Muttkins is still suffering with the fireworks, and twice last week ran off when she heard some whizz-bangs in the woods, both times, thankfully, making her own way home and suddenly appearing like a pantomime fairy outside the conservatory door. Debbie is more or less resigned to keeping her on the long line until Spring, now, when the selfish idiots with fireworks have got tired of terrorising animals and gone on to some other equally anti-social activity. This week, she ordered a new, even beefier Karabiner, and she is now using actual parachute line instead of Dyneema.  The lengths you have to go to, simply to take your dog for a walk in the period between Hallowe’en and New Year.

Deb’s also, rather belatedly, discovered the delights of online vegan shopping.  Because the local Holland and Barrett didn’t have her pretend cheese slices in stock, she ended up not going into town to buy them, but she had an £8.00 off voucher that had to be used up by today, so she ordered some vitamins off their web site, then discovered another one that sold vegan ice cream and  another one that sold vegan bacon and so on, and so on. At one point she was even on Tesco’s web site:

“Stomach, bowels, and haemorrhoids,” she said.

“Mmm, sounds delicious. Does it come with a red wine jus?”

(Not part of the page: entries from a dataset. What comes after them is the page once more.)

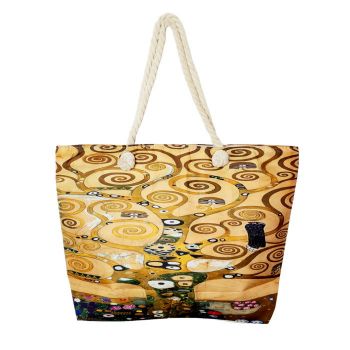 Geanta de plaja din material textil, cu reproducere dupa    Pomul Vietii    - Gustav Klimt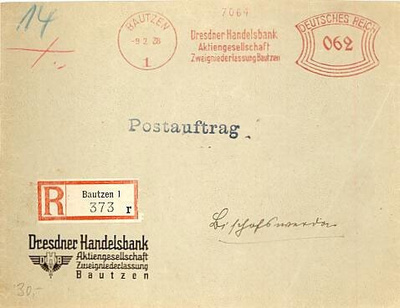 Saksa 1928 kassomiskirje frankkeerausleimalla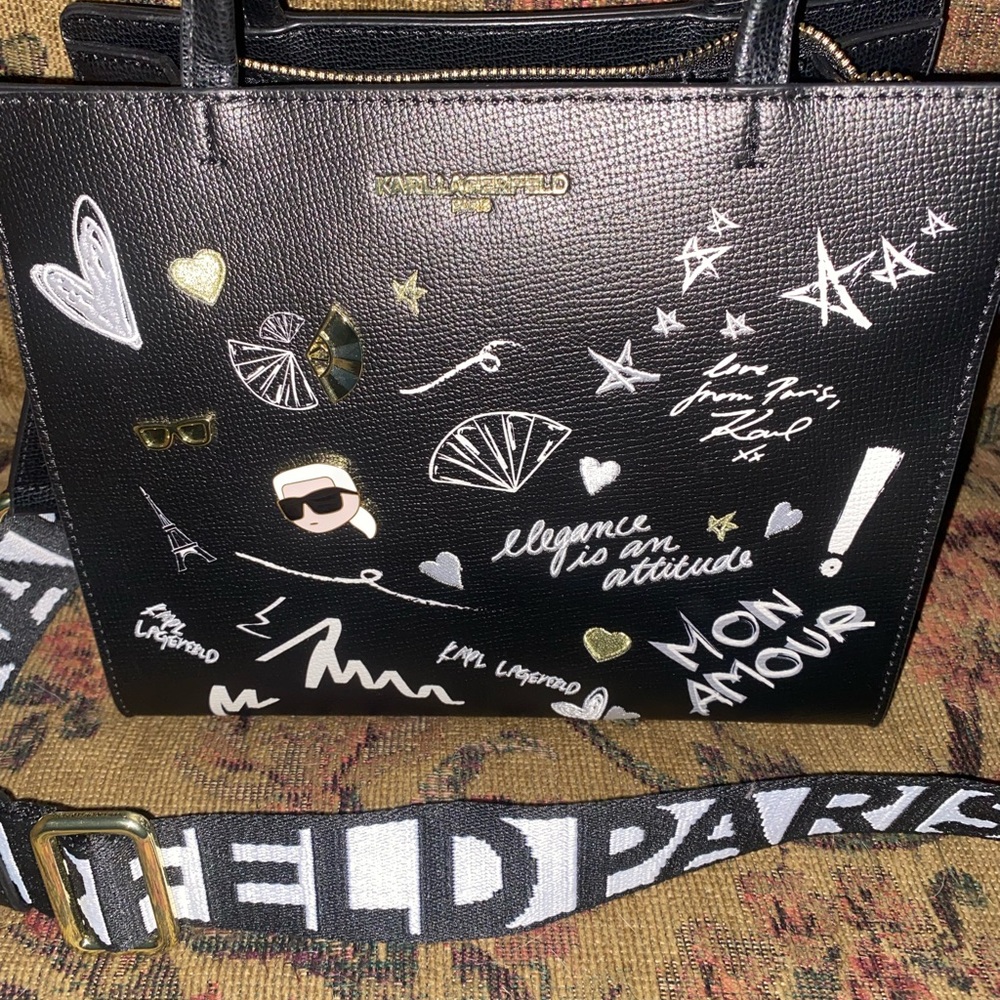 Karl Lagerfeld Black Tote with Graphic Accents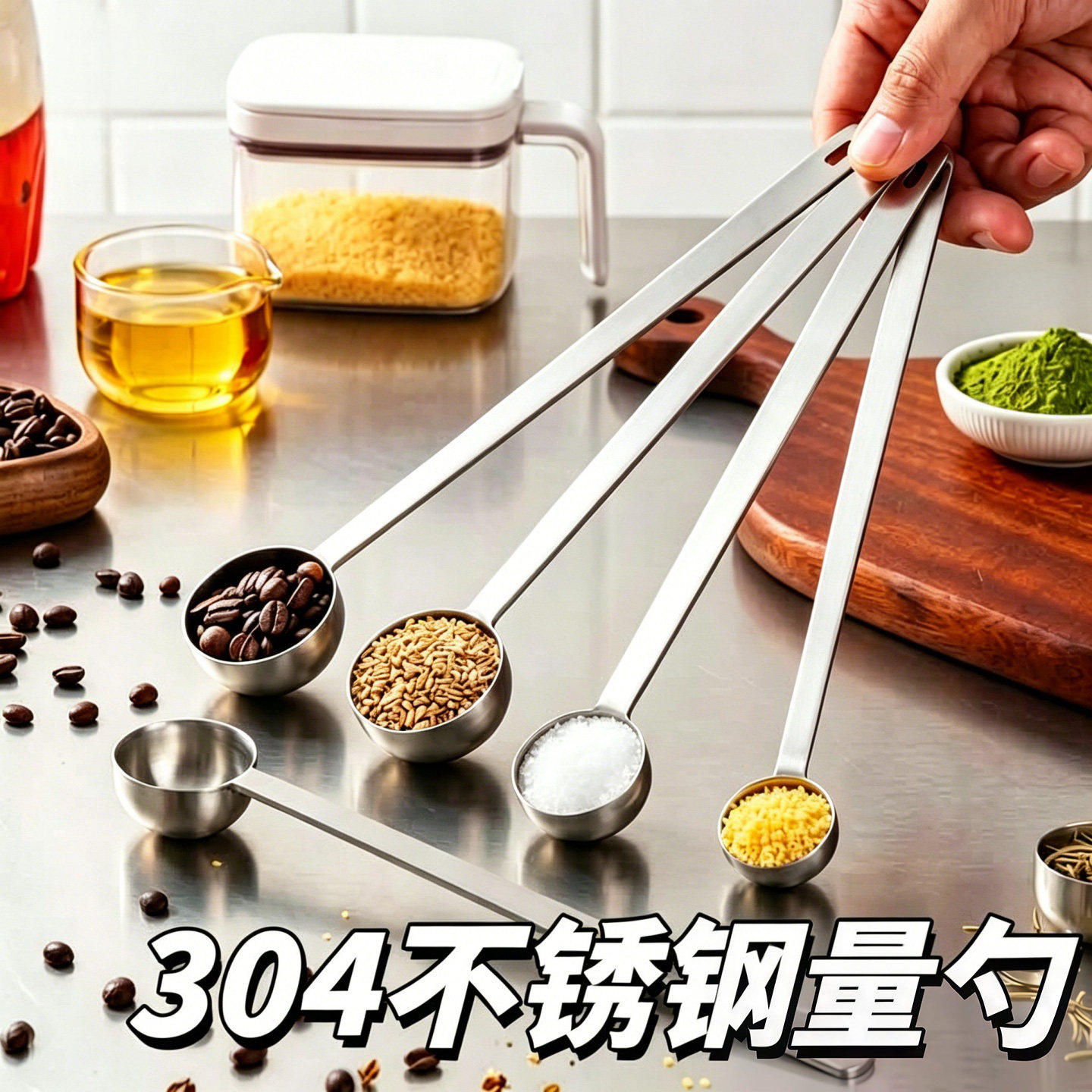 304不锈钢长柄多功能量勺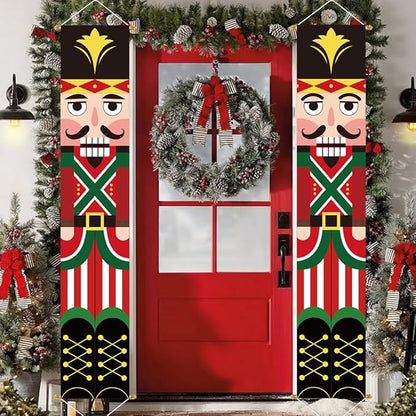 Ivenf Nutcracker Soldier Christmas Decorations, 2pc 71x13in Outdoor Yard Banner, Fade Resistant Fabric, Ready to Hang, Indoor-Outdoor Use, Home, Office, Shop Decor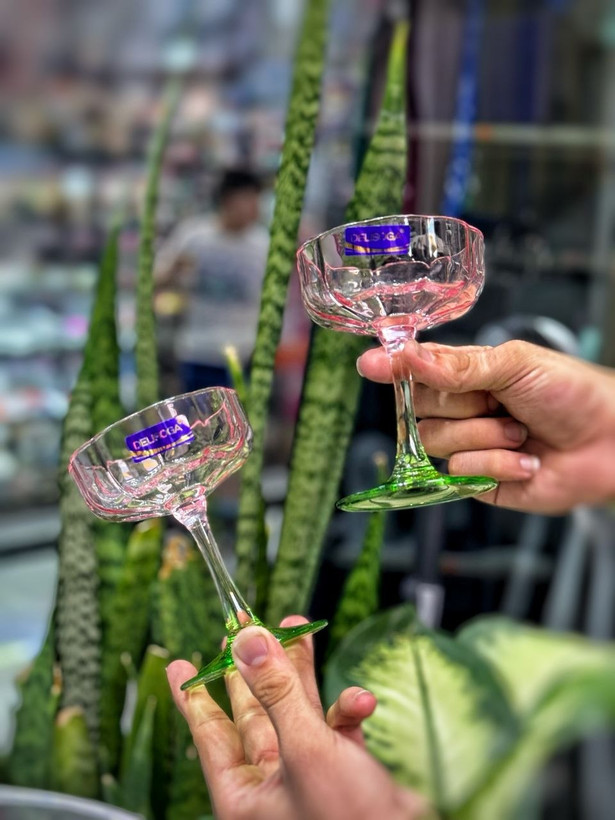 بستنی خوری رنگی طرح گل برند DELI GLASS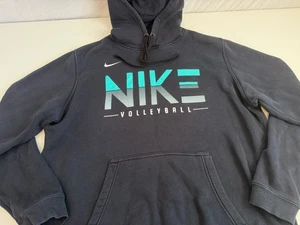 Nike Volleyball Hoodie Men's Large Black Pullover Kangaroo Pocket Cotton Blend - Picture 1 of 6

It turned out, however, to be one of the “dietary and lifestyle filters” you could apply to refine your selections on the site. Even so, this seemed rather bizarre; what foods are particularly bad/good for piles? Actually, if you do know, don’t tell me, I really am not that interested.  The reason I was only listening to her with 48K of my RAM is that I was actually trying to watch Inspector Montalbano on the TV. Eventually I gave up and admitted that I now had no idea what was going on.

“That’s because you can’t speak Swedish.”

It’s not been such a horrendous week on the book front, this week; well, it’s still been busy, but this time with catching up on all the loose ends that I neglected in order to get the four books I was working on all off to press at once.  This has meant that we have been able to indulge in the odd outbreak of what passes for domesticity, such as on Thursday afternoon, when Debbie had stopped teaching for the week, and Granny called by with my little niece Isobel.  Propped up on the sofa, near the stove, she seemed perfectly happy with her toys and her little blanket, and we had a great time, with my imitation of an owl being particularly popular (with Isobel, at least, the others were not so impressed). Eventually, after singing her all three verses of “All The Little Chicken in the Garden” she fell gratefully, deeply asleep on Debbie, so Debbie propped the Nexus Tablet up on her, and continued browsing for Karabiners.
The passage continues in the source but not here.